[Material provided — start]

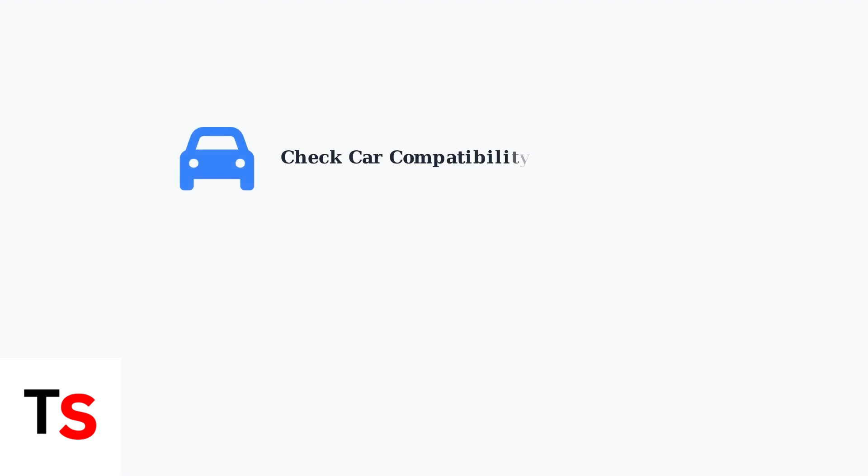First, verify that your car's infotainment system supports Android Auto and that the Android Auto app is installed and updated on your smartphone.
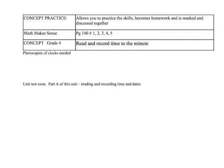All right, at this point, you're going to go on to the concept practice on page 140, numbers 1, 2, 3, 4, and 5. You are going to need to grab the photocopies of the clock. As well, just a heads up that there will be a unit test soon. Part A of this unit will be on the unit test. It will be reading and recording times and dates. Make sure if you have any questions that, of course, you ask.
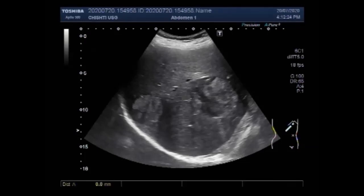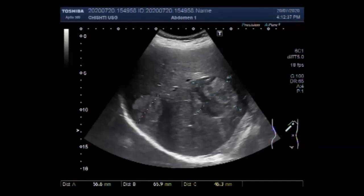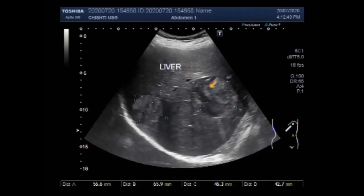You can find some important information in the description of this video. Thanks for watching. You can now see the size of these hepatic masses: one mass measures about 6.6 cm x 5.7 cm, while the other measures about 4.6 cm x 4.3 cm. Thanks.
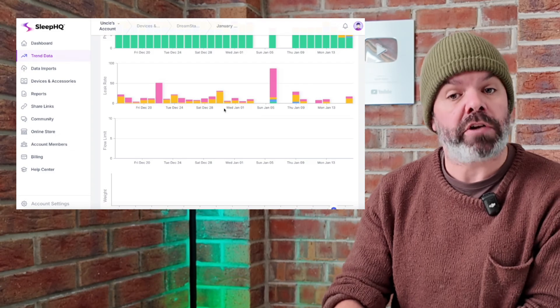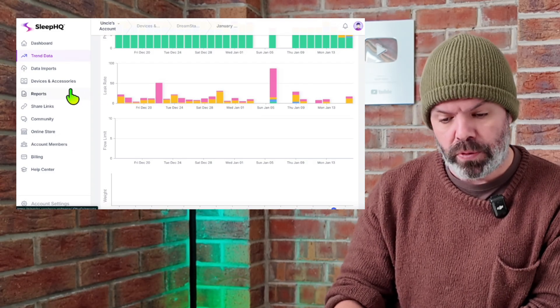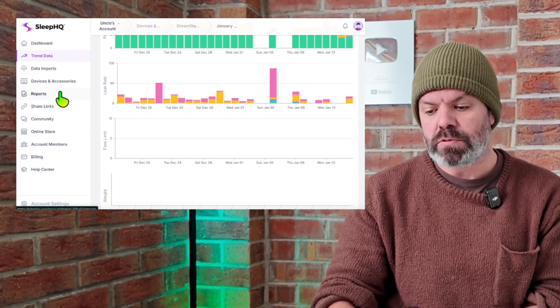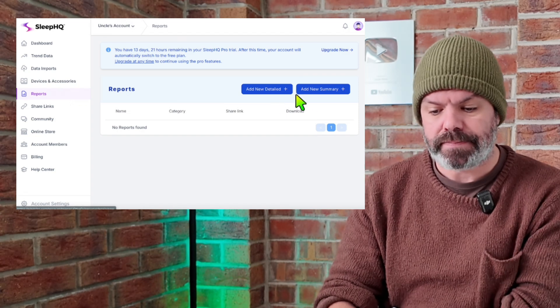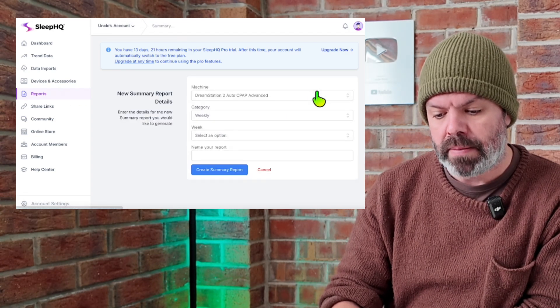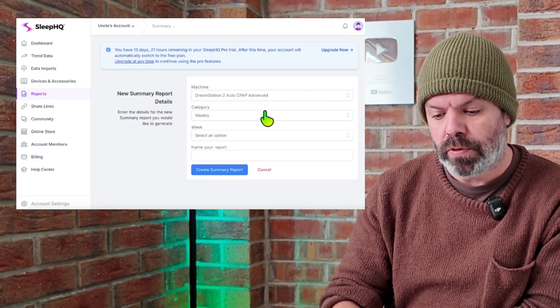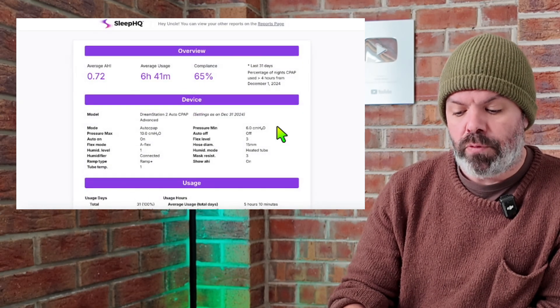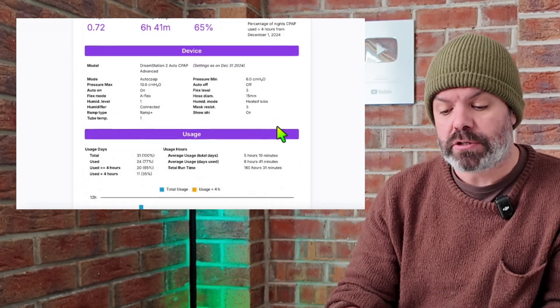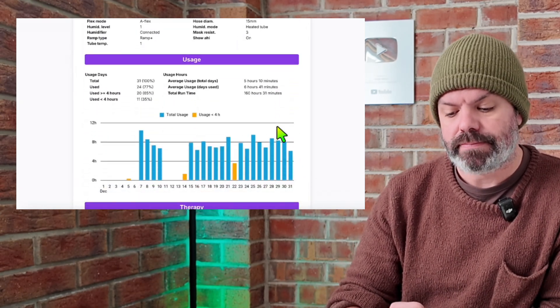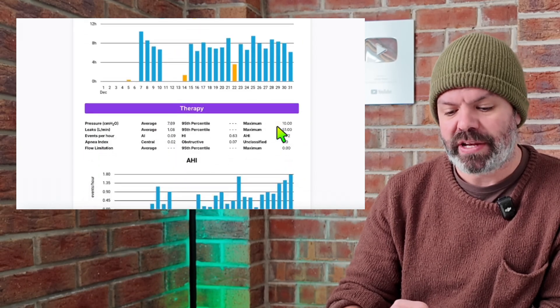And if you like, you can also generate reports. So we'll quickly generate a report here. We'll just do a summary report today and we'll do a monthly report. And there's our report, which we can print off, download, send to a healthcare professional, whatever you need to.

[Material provided — finish]

A word-for-word retyping of the material above is expected, without pictures.

### [Reply to the task]
First, verify that your car's infotainment system supports Android Auto and that the Android Auto app is installed and updated on your smartphone.
All right, at this point, you're going to go on to the concept practice on page 140, numbers 1, 2, 3, 4, and 5. You are going to need to grab the photocopies of the clock. As well, just a heads up that there will be a unit test soon. Part A of this unit will be on the unit test. It will be reading and recording times and dates. Make sure if you have any questions that, of course, you ask.
You can find some important information in the description of this video. Thanks for watching. You can now see the size of these hepatic masses: one mass measures about 6.6 cm x 5.7 cm, while the other measures about 4.6 cm x 4.3 cm. Thanks.
And if you like, you can also generate reports. So we'll quickly generate a report here. We'll just do a summary report today and we'll do a monthly report. And there's our report, which we can print off, download, send to a healthcare professional, whatever you need to.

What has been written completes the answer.